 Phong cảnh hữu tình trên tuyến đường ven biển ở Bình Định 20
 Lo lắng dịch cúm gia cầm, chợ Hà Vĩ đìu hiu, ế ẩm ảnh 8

==

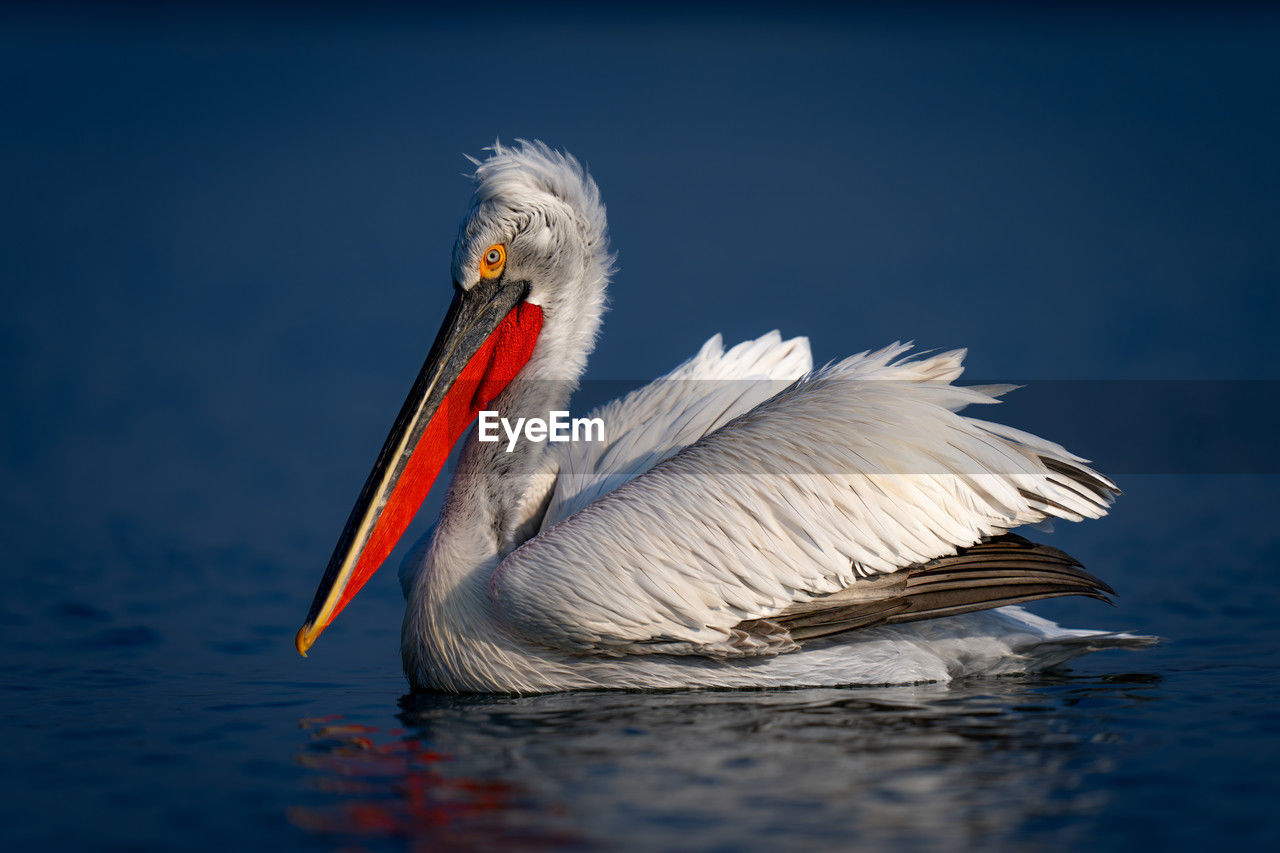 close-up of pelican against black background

### ACTIVITY
Your answer must consist solely of the lines above between the line holding "Phong cảnh hữu" and the line holding "Lo lắng dịch", inclusive, copied exactly.

### TASK OUTPUT
 Phong cảnh hữu tình trên tuyến đường ven biển ở Bình Định 20
 Lo lắng dịch cúm gia cầm, chợ Hà Vĩ đìu hiu, ế ẩm ảnh 8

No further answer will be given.